The UK has recorded 7,143 new coronavirus cases in 24 hours, the highest daily total since the start of the pandemic.
A further 71 people have also died within 28 days of testing positive for Covid-19, the highest daily death toll since June, according to Government figures.
This brings the UK total to 42,072.
The number of new cases marks a sharp rise on Monday, when 4,044 positive tests were reported. It is the first time the seven-day rolling average has exceeded 6,000 cases a day.
But experts have previously warned that describing the daily figure as a record could be “misleading” as it is not clear how many people were actually infected during the height of the first wave due to a lack of community testing at the time.
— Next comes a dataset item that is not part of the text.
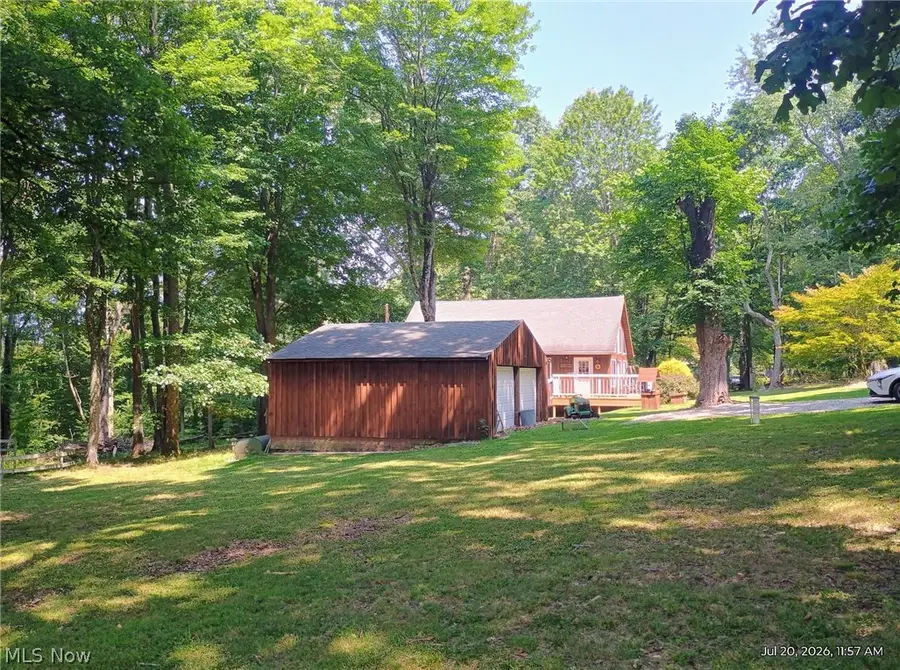 86195 Sandhill Road, Hopedale, OH 43976 - #2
Separate figures published by the UK’s statistics agencies show there have now been nearly 57,900 deaths registered in the UK where Covid-19 was mentioned on the death certificate.
The overall number of cases confirmed in the UK as of 9am on Tuesday is 446,156, according to the Government’s coronavirus dashboard.
There were 297 coronavirus patients in ventilator beds as of Monday, with 2,049 people in UK hospitals with the disease reported the previous day.
The latest figures were released hours before tight new restrictions to stop the spread of coronavirus come into effect in the North East. Households will be banned from mixing indoors, including pubs, from midnight on Tuesday.
Earlier Boris Johnson was forced to apologise after he “misspoke” when asked to clarify the new rules, which affect nearly two million people. Labour said the Prime Minister was “grossly incompetent” after he referred to the separate rule of six regulations.
On Wednesday Mr Johnson is scheduled to hold a Downing Street press conference about the UK’s coronavirus response, where we he will be joined by Chief Scientific Adviser Sir Patrick Vallance and the Chief Medical Officer Professor Chris Whitty.
The Prime Minister’s official spokesman said the purpose of the press conference was to “provide an update on the latest statistics”, not to announce any new measures.